You can try to stop thinking about death—but death might not want you to.

He pointed to the nearest corner, where the long side of the casket joined the shorter top end. “See this here? Not a single nail keeping these pieces of oak together. That’s what you call a dovetail joint, and it’s older than the pharaohs.” He ran his hand along the smooth grain and nodded to himself. “I figure what’s good enough for Tutankhamen is good enough for me.”

“Sure,” I said, a little hesitantly. “That seems reasonable.”

“Go on,” he said. “You can touch it.”

I didn’t exactly want to. But I did, and the wood felt warm, almost alive, under my fingertips.

Then a door at the back of the garage opened, and a slender white-haired woman poked her head out. “Bob, did you take that casserole out of the deep freeze?” the woman asked. Then she saw me. “Oh, hello there,” she said.

“Hi,” I said. “I’m just… um, admiring your husband’s woodworking.”

She gave him a sharp look, then turned back to me. “He’s scaring you, isn’t he, with his I might die while you’re standing here talk.”

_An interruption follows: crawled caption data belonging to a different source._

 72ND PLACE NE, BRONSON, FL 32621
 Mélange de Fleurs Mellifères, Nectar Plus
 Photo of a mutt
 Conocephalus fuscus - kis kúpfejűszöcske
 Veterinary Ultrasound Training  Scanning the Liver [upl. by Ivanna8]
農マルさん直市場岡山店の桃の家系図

“Actually we hadn’t gotten that far,” I said. Thankfully.

“Bad ticker,” Bob said, patting the pocket of his denim work shirt, right over his heart.

His wife pretended to snap a tea towel at him. “Not that bad,” she assured me. “He got kicked out of hospice last month.”

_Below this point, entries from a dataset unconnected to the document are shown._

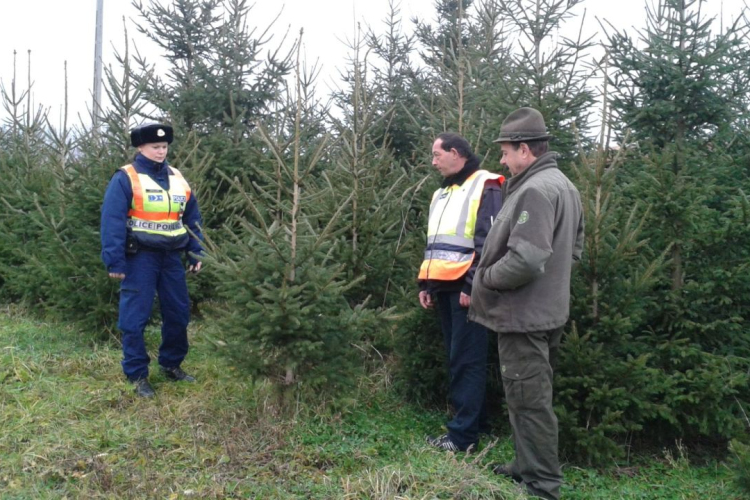 A rendet őrzik úton, mezőn és az erdőkben is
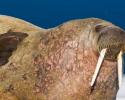 Walrus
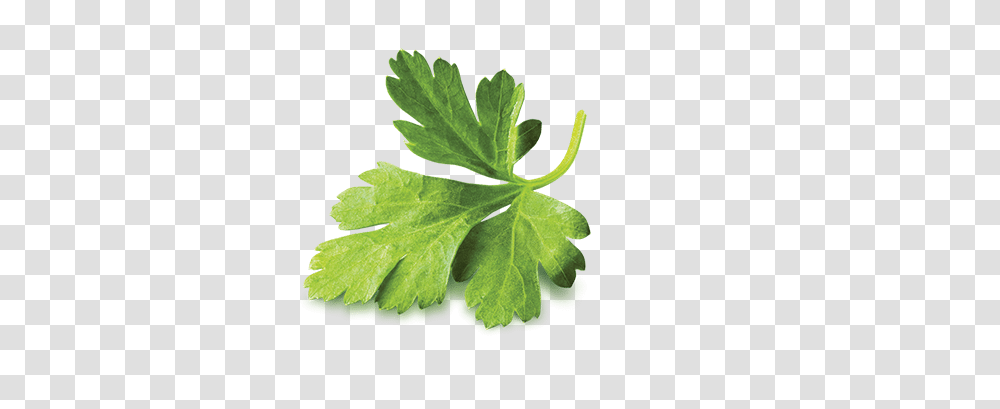 Cilantro Botanica Parsley, Vase, Jar, Pottery, Plant Transparent Png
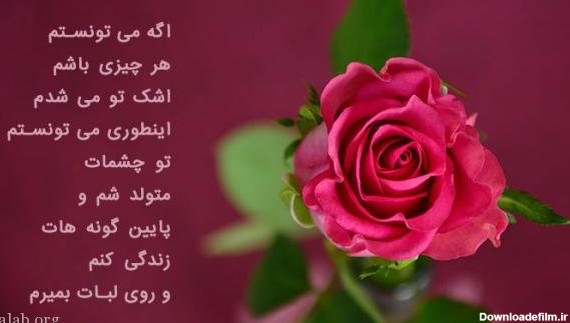 عکس پروفایل گل های زیبا و عاشقانه با کیفیت بالا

“Wasn’t dying fast enough. Not that I complained, mind you,” he said.

She smiled at both of us. “My name’s Kit. And you are?”

“Anne,” I said. “I’m, uh, visiting the Londons up the street.”

“Well, Anne, my husband has obviously unnerved you, and I think you need a fortifying cupcake. I made them for my grandson’s birthday tomorrow, but I have extras. Hang on.” She retreated into the house and came out a moment later with a cupcake for each of us. “I always double the recipe,” she said, winking.

“Thank you,” I said, feeling grateful but still slightly unsettled.

Bob brushed the sawdust from his hands and took one, too. “Tutankhamen died of gangrene from a fractured leg,” he said, between bites. “Gangrene is your body decomposing while you’re still alive, you know, and so the pain is unimaginable. He was only nineteen years old.”

“Honestly, darling, hush,” Kit said. She turned to me. “So you’re here to see Pauline London? She’s lovely. We’re in a book club together.”

“She was my mom’s best friend,” I said. I took a bite of the cupcake, which was rich and chocolaty, with a cream center like a homemade Ho Ho.

Kit’s eyes widened. “Was your mother Mary Lynch?”

“Before she was married, yes.”

“Oh, I heard all about her! Pauline adored her. She likes to tell how they toured Europe after they graduated—and how they didn’t know a thing about the world, and so they stumbled around the continent, innocent as ducklings.”

I laughed. “Yeah, I was going to ask her about that. I’m sort of… collecting people’s stories.”

Kit’s face lit up. “I’ve got one,” she said. “Would you like to hear it?”

“Yes, please,” I said.

“I know exactly where this is going,” Bob mumbled.

“Of course you do. I tell it all the time,” she said to him. “It’s about Bob and me. How we weren’t supposed to meet.”

“What do you mean?”

“We’d been set up on a blind date—but not with each other.” Kit rested her hand on the coffin as she spoke. “I was supposed to meet my date at this little Italian place. I’d told him I’d be wearing a dress with a flower pinned to it, and that I had black hair. He said he’d be in a blue jacket and a red tie.”

“A maroon tie,” Bob said. “I had a maroon tie.”